Midwives are celebrating the $40 a week increase in Paid Parental leave entitlements from 1 July as they see daily, new parents struggling to meet rising costs.
From Friday 1 July, the maximum weekly rate of paid parental leave will be increasing to $661.12 per week, a 6.3 per cent increase before tax. Those who are self-employed will also see an increase in their minimum payment to $212 per week.
MERAS, the midwives’ union, has been calling for an increase in the cap of Paid Parental Leave payments since the 2020 Election.
MERAS co-leader, Jill Ovens, points out that with average weekly earnings in New Zealand now being $1404.15, employees whose weekly pay is above the new maximum will experience a loss of income while on parental leave and may be forced to return to work to pay the mortgage and other fixed expenses when their babies are less than 6 months old.
“Some employers top up parental leave payments but not always for the full period.

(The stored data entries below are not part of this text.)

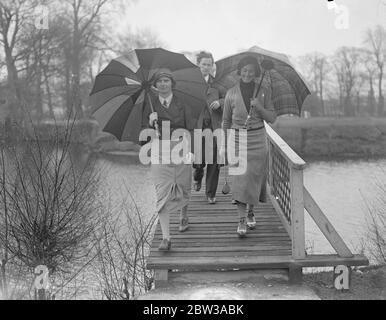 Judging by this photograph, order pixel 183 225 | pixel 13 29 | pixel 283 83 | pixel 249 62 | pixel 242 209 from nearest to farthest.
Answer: pixel 249 62 → pixel 283 83 → pixel 242 209 → pixel 183 225 → pixel 13 29

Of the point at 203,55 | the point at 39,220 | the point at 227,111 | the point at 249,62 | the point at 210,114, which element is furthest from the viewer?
the point at 39,220

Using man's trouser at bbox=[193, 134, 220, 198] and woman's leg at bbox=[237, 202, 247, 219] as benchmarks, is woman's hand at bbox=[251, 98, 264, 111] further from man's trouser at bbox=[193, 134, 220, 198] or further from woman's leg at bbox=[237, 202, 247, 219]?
man's trouser at bbox=[193, 134, 220, 198]

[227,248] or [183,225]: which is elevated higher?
[183,225]

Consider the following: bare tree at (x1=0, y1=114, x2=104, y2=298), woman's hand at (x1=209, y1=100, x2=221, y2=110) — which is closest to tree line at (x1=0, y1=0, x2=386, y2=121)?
bare tree at (x1=0, y1=114, x2=104, y2=298)

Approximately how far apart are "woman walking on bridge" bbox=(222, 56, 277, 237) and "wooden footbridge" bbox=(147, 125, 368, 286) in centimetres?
30

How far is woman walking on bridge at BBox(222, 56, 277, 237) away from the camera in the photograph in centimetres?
519

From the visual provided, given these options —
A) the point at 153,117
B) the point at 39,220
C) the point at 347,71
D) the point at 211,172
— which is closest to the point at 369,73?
the point at 347,71

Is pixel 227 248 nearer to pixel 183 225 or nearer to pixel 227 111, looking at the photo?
pixel 183 225

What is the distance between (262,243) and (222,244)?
41cm

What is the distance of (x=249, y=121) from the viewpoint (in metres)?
5.29

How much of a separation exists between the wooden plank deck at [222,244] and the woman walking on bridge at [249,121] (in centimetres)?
27

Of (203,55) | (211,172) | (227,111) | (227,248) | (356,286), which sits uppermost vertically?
(203,55)

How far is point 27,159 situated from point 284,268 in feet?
18.0

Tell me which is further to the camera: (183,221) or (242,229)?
(183,221) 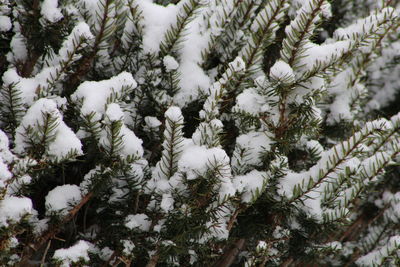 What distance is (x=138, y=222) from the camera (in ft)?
2.83

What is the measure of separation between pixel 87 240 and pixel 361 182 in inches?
28.2

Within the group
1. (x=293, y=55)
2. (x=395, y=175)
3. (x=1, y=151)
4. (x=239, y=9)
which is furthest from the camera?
(x=395, y=175)

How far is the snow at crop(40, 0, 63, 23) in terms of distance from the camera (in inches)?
34.5

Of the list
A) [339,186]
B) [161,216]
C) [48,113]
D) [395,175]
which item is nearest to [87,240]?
[161,216]

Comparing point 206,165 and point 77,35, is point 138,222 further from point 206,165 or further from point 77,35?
point 77,35

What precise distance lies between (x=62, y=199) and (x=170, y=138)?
0.30 m

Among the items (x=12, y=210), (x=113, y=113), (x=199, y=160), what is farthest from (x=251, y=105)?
(x=12, y=210)

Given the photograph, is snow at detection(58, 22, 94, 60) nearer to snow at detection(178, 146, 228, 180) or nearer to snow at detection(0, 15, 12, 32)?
snow at detection(0, 15, 12, 32)

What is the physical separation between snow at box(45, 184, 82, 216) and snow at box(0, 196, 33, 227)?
3.7 inches

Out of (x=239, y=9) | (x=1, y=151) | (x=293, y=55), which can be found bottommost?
(x=1, y=151)

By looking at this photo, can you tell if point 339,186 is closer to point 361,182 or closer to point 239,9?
point 361,182

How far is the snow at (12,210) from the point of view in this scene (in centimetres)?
72

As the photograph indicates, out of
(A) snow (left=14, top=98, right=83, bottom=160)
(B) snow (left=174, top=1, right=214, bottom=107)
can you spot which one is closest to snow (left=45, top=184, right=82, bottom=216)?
(A) snow (left=14, top=98, right=83, bottom=160)

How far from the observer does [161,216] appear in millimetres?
824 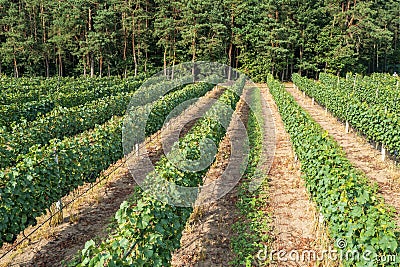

For example, midwives employed by DHBs get a top-up to their usual pay while they are on paid parental leave, but this is only for 14 of the 26 weeks paid leave,” Ms Ovens says.
Midwives say the first few months are the most important in a baby’s life, and MERAS supports the Government’s commitment to helping working families who have new-borns and young children. However, the union is calling for partners to have some entitlement to paid parental leave at the same time as the birth mother to strengthen the family unit.
“Currently if her partner wants to take parental leave, the mother has to transfer some of her leave as it is only for the primary caregiver. But after the birth, it would be great for the baby’s mother to have her partner there to look after both them and any other children in the family. This helps her to recover from the birth and to establish breastfeeding,” Ms Ovens says. “We think this is especially important when mothers are being sent home from hospitals within 24 hours of the birth.”
MERAS says it is also important for partners to bond with their new-born babies and share in the experience of welcoming a new member to their family.
The union says there are some employment issues with the Parental Leave and Employment Protection Act that need to be addressed. These include:
- entitlement to the full 52 weeks parental leave for those who have changed their employer in the previous 12 months,
- the way annual leave is paid out after return from parental leave, and
- the rights of surrogates to some paid leave after the birth.